━━━━━ EXTRACTED INFORMATION

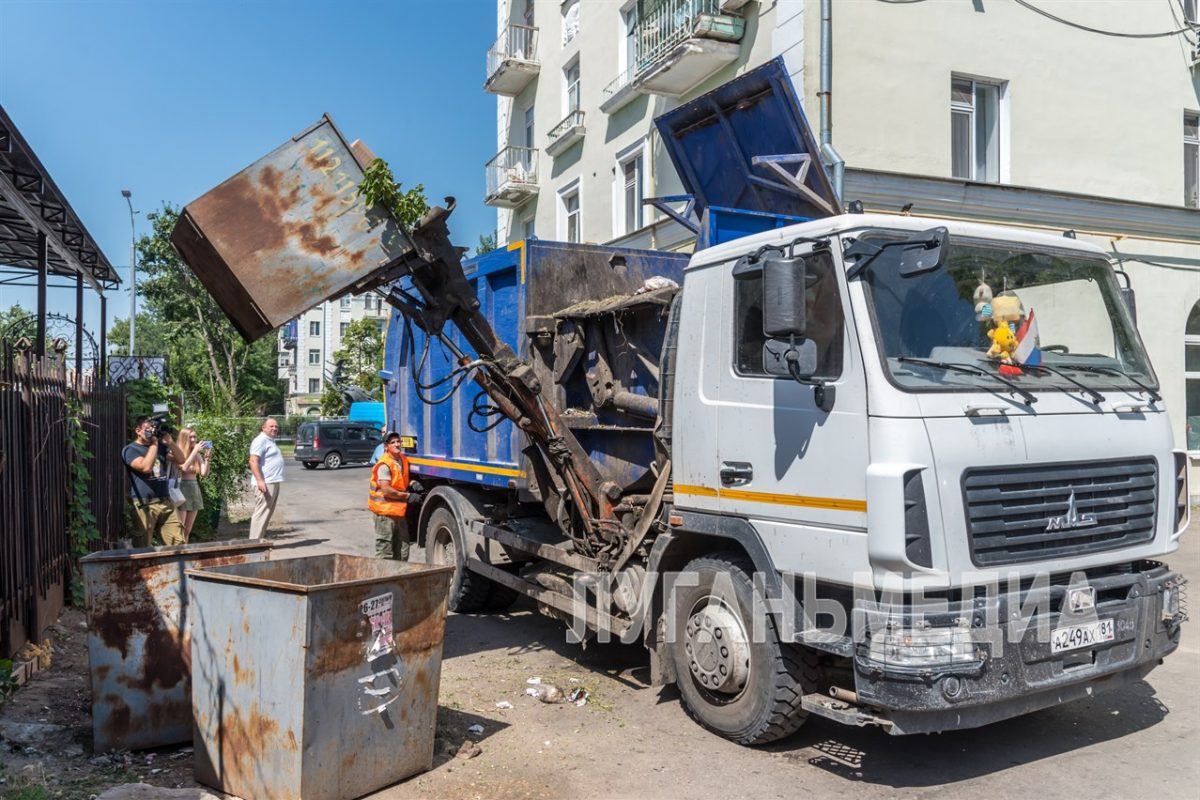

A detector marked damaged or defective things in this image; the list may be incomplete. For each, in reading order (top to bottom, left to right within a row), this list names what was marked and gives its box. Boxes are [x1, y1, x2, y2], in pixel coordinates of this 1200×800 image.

rusty dumpster on ground [166, 112, 415, 340]
rusty dumpster on ground [81, 542, 273, 753]
rusty metal dumpster [81, 542, 273, 753]
rusty dumpster on ground [187, 554, 453, 800]
rusty metal dumpster [189, 556, 451, 800]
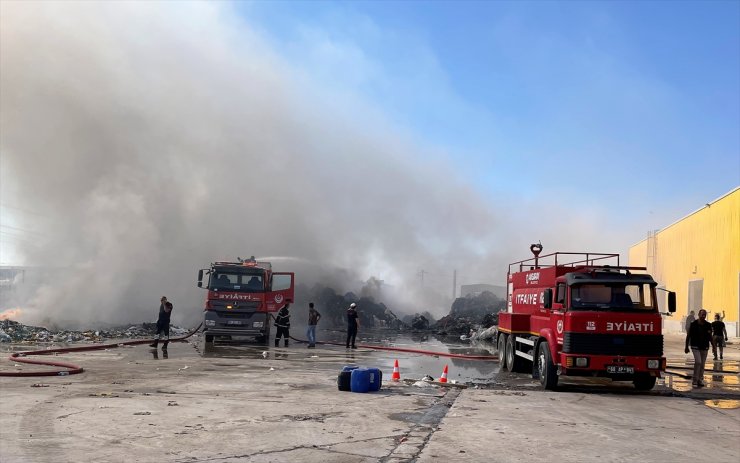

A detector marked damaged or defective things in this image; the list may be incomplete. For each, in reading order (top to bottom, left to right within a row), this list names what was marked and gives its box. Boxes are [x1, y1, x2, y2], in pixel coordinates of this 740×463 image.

pile of burnt debris [0, 320, 188, 344]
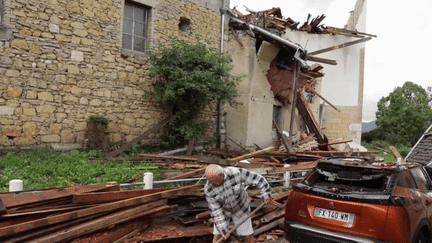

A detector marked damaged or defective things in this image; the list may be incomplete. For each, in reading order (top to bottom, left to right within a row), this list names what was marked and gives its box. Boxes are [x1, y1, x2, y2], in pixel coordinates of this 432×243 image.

broken roof beam [308, 36, 372, 56]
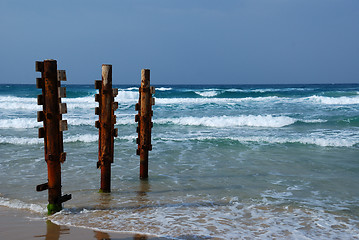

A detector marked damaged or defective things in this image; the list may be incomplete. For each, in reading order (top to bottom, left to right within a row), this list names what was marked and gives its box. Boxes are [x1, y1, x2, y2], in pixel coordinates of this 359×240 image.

rusty wooden post [35, 59, 71, 214]
rusty wooden post [95, 64, 119, 193]
rusty wooden post [136, 68, 154, 179]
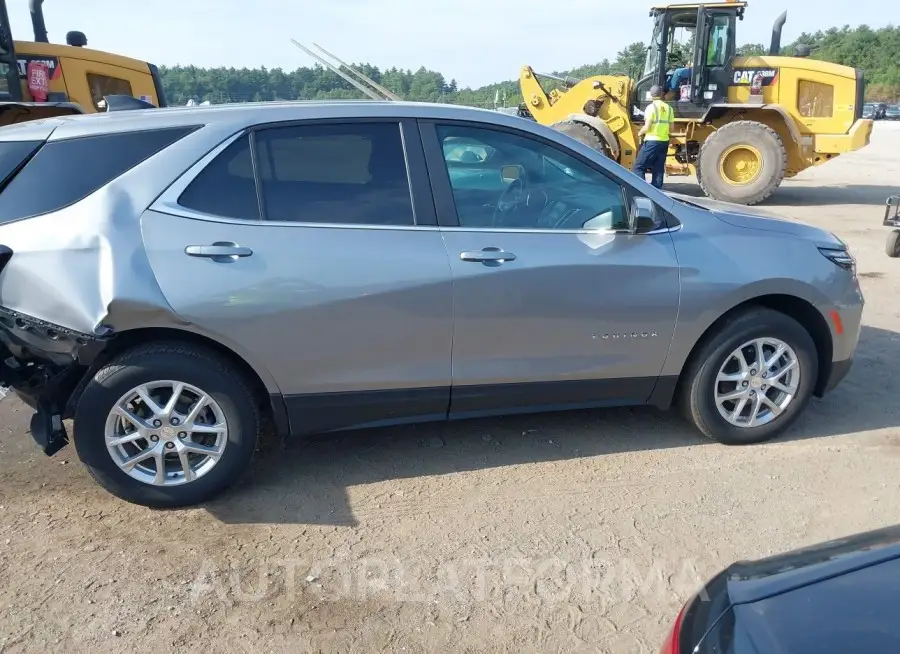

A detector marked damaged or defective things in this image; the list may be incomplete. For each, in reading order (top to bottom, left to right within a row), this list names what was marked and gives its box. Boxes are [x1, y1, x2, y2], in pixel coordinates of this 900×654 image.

damaged silver suv [0, 102, 864, 510]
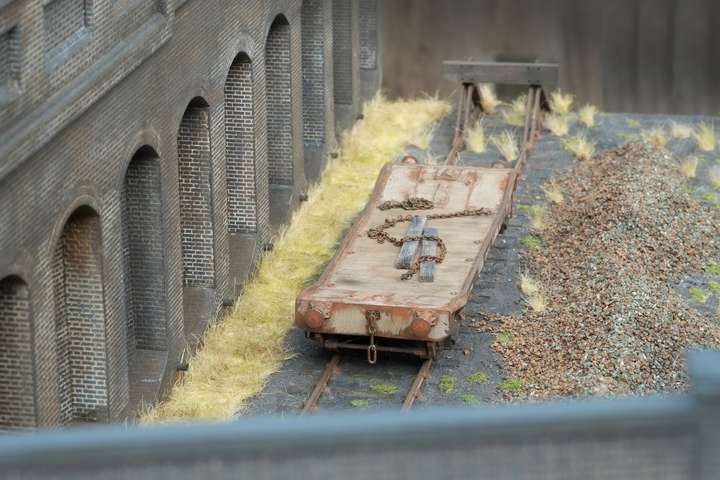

━━━━━━━━━━

## WHAT IS EXPECTED
Leaving the pictures aside, write out the entries above exactly.

## WORKED SOLUTION
A detector marked damaged or defective things in this image; the list may be incomplete. For each, in reading order (top to bottom, left to right within a row), this list names what was marked and gives its box. Boxes are [x1, y1, x2, y2], in pixel coordinates of this 1200×800 image.

rusty dumpster on ground [166, 112, 415, 340]
rusty dumpster on ground [81, 542, 273, 753]
rusty metal dumpster [81, 542, 273, 753]
rusty dumpster on ground [187, 554, 453, 800]
rusty metal dumpster [189, 556, 451, 800]

A detector marked damaged or defective things in this image; the list may be incomplete. For each, in reading order (top to bottom, left to right within a row), this list names what was marked and gives its box. Boxes are [x1, y1, x2, y2], in pixel coordinates of this 740×463 image.

pile of burnt debris [0, 320, 188, 344]

A detector marked damaged or defective things in this image; the list may be incomplete. For each, in reading order (top to bottom, left to right within a row), this list names what was marked and gives its box. Boxes are [x1, y1, x2, y2], in pixel coordinates of this 432×243 image.

broken roof beam [308, 36, 372, 56]

A detector marked damaged or defective things in this image; the list may be incomplete. For each, in reading order (top to bottom, left to right within a row), this list names what was marked and gives its box. Boxes are [x1, y1, x2, y2], in pixel coordinates of this 359×240 image.

rusty wooden post [35, 59, 71, 214]
rusty wooden post [95, 64, 119, 193]
rusty wooden post [136, 68, 154, 179]

A detector marked damaged or defective things in this image; the list may be incomplete. For each, in reading order (top to bottom, left to right within a row), this list names what was marked and gives its box. Boxes are [x1, y1, x2, y2], in pixel coordinates of this 900×654 image.

damaged silver suv [0, 102, 864, 510]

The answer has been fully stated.